# Mozilla Thunderbird not downloading GMAIL email messages



## gregorydrake (Sep 4, 2014)

When I click on "Get Mail" the following message appears on the bar at the bottom of the page: "Downloading message 1 or 53 to (email address). But it times out without downloading the messages.


----------



## MartyF81 (Jan 23, 2013)

How long are you waiting?


----------



## gregorydrake (Sep 4, 2014)

Until it times out (1-2 minutes)


----------



## gregorydrake (Sep 4, 2014)

I have three email accounts (all GMAIL) loaded


----------



## gregorydrake (Sep 4, 2014)

After it times out, the message at the bottom changes to: "No messages to download"


----------



## Corday (Mar 3, 2010)

TBird>Tools>General>Advanced>Config Editor>Filter>mailnews.tcptimeout>In Enter Integer value, raise the value.

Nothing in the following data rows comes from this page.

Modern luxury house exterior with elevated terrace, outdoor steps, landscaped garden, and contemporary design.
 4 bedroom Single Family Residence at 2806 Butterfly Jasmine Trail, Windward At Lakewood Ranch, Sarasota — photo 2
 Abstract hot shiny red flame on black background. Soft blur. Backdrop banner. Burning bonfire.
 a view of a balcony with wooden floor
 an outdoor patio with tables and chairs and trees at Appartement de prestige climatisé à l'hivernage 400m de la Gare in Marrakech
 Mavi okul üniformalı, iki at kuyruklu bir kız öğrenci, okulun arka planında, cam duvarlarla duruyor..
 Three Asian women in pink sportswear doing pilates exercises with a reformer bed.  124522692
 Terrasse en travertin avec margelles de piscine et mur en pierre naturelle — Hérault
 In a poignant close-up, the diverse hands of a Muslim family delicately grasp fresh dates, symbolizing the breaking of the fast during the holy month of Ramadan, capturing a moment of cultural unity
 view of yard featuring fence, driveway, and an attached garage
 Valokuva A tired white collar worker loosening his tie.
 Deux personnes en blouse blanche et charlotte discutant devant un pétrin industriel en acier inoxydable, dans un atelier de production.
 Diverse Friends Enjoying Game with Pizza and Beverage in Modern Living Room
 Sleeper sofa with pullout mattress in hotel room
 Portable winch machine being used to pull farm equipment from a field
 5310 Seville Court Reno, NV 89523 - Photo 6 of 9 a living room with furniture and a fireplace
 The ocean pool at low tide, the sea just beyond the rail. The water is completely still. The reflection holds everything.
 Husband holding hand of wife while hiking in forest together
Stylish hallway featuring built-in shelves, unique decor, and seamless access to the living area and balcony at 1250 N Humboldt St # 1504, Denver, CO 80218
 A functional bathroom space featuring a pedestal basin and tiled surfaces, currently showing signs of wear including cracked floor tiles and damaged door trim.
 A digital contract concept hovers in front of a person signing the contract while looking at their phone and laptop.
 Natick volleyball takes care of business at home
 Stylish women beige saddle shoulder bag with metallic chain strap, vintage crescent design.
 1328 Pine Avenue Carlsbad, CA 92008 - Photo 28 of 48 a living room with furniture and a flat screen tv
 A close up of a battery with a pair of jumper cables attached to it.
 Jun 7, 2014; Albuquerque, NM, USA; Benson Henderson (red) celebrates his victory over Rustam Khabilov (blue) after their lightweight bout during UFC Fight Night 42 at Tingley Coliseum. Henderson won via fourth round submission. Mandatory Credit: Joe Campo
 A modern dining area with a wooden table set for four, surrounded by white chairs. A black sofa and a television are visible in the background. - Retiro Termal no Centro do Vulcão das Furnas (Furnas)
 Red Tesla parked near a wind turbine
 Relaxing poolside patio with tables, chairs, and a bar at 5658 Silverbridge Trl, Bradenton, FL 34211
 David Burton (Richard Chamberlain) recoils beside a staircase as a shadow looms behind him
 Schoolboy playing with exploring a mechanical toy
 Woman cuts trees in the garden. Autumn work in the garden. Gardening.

It will now show user set. Also, you shouldn't have to click Get Mail. TBird should do that upon opening.


----------



## gregorydrake (Sep 4, 2014)

Raised value from 100 to 200. No change. (It does auto check incoming messages at start-up).


----------



## Corday (Mar 3, 2010)

TBird updated today. See if the problem is the new version or if updated, try reverting.


----------



## gregorydrake (Sep 4, 2014)

Thanks everyone. It started working again. Maybe it was updating and I wasn't aware.


----------



## Corday (Mar 3, 2010)

Just in case it wasn't that, go ahead and "Compact Folders".


----------



## gregorydrake (Sep 4, 2014)

I'm sorry, I don't know what that means.


----------



## Corday (Mar 3, 2010)

Thunderbird>File>Compact Folders


----------



## gregorydrake (Sep 4, 2014)

Got it. Thanks again for everyone's help!!!


----------